Knowing that I tried inverting matrices over $\mathbb{Z}/n\mathbb{Z}$ in a similar way. We can compute the inverse of $\begin{pmatrix}1 & 2 \\ 3 & 5\end{pmatrix}$ in $\mathbb{Z}/12\mathbb{Z}$ using the determinant and get $\begin{pmatrix}7 & 2 \\ 3 & 11\end{pmatrix}$. Inverting the same matrix over $\mathbb{R}$ yields $\begin{pmatrix}-5 & 2 \\ 3 & -1\end{pmatrix}$, which is the equivalent matrix modulo $12$, so this seems to work. In another case (matrix in $\mathbb{F}_7$), I was initially disheartened by seeing terms like $\frac{3}{2}$ in the inverse, but then my tutor reminded me that $\frac{3}{2}$ is really just $3\cdot2^{-1}$ which in $\mathbb{F}_7$ is equal to $3\cdot 4 = 12 = 5$.

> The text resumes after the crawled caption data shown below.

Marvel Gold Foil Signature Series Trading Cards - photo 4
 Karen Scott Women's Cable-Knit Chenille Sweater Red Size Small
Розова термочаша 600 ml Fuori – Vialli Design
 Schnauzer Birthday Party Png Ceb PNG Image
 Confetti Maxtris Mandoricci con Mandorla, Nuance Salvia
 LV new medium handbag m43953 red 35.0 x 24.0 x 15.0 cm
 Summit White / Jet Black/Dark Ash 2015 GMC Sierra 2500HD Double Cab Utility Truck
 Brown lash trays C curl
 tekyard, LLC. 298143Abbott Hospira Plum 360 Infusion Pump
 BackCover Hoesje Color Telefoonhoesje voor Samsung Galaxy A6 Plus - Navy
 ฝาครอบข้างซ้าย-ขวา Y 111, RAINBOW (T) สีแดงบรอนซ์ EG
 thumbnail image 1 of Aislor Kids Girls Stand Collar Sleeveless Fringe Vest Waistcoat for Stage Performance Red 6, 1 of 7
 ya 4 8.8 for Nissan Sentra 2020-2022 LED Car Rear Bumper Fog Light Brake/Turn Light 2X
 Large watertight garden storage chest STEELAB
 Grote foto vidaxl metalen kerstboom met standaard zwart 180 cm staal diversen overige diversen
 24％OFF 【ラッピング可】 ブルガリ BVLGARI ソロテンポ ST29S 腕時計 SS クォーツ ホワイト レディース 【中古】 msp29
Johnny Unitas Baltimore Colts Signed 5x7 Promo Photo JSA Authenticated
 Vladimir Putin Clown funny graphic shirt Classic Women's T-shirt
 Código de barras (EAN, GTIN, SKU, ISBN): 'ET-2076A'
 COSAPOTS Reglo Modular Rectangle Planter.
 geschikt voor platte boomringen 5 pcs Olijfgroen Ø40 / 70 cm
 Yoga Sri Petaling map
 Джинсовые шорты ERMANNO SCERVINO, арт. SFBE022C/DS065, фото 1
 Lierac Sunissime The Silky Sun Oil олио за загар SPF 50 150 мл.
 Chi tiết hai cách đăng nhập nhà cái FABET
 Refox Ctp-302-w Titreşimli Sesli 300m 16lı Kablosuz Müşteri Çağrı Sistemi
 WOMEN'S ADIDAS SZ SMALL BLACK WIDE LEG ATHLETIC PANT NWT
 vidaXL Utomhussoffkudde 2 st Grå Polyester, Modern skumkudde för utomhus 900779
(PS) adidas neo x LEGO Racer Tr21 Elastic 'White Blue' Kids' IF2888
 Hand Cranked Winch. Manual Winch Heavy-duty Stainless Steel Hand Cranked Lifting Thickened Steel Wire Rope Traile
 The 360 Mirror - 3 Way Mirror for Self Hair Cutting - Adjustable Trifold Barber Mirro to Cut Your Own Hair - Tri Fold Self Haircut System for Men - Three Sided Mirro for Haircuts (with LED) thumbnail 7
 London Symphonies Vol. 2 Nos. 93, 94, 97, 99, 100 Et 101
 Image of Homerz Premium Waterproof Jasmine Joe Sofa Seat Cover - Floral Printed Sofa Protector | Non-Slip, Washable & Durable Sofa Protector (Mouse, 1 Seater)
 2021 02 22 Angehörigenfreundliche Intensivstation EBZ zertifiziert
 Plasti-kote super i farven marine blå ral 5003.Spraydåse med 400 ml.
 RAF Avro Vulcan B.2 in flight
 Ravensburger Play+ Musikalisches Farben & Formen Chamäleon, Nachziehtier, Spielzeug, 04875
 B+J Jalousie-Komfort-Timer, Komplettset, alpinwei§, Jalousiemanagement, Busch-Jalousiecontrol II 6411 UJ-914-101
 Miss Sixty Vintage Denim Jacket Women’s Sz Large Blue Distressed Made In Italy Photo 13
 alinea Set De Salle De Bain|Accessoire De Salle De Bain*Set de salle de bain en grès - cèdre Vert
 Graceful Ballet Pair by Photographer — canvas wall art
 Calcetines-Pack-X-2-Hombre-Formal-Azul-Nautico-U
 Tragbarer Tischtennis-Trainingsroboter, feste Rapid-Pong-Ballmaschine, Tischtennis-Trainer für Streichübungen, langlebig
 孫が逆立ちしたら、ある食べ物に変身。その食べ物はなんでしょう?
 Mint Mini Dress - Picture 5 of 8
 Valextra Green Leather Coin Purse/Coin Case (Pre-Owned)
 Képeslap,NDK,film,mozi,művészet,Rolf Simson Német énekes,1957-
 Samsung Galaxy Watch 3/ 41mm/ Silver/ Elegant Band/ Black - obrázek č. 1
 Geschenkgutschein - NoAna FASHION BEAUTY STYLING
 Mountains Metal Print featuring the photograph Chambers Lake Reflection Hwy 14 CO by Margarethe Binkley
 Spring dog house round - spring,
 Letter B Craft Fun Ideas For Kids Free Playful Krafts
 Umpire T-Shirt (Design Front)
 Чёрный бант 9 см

My question is whether this is guaranteed to work in general. That is, will inverting a matrix in $\mathbb{R}$ and then taking inverses and modulos appropriately be successful exactly if the matrix is invertible in $\mathbb{Z}/n\mathbb{Z}$? It is clear that this is the case if $n$ is prime, because then $\mathbb{Z}/n\mathbb{Z}$ is a field, but what about the other cases? Is it possible that there is such a matrix that is invertible but whose inverse cannot be found by this method? Or conversely, that if such an "inverse" were to be found, it would not actually be an inverse of the matrix?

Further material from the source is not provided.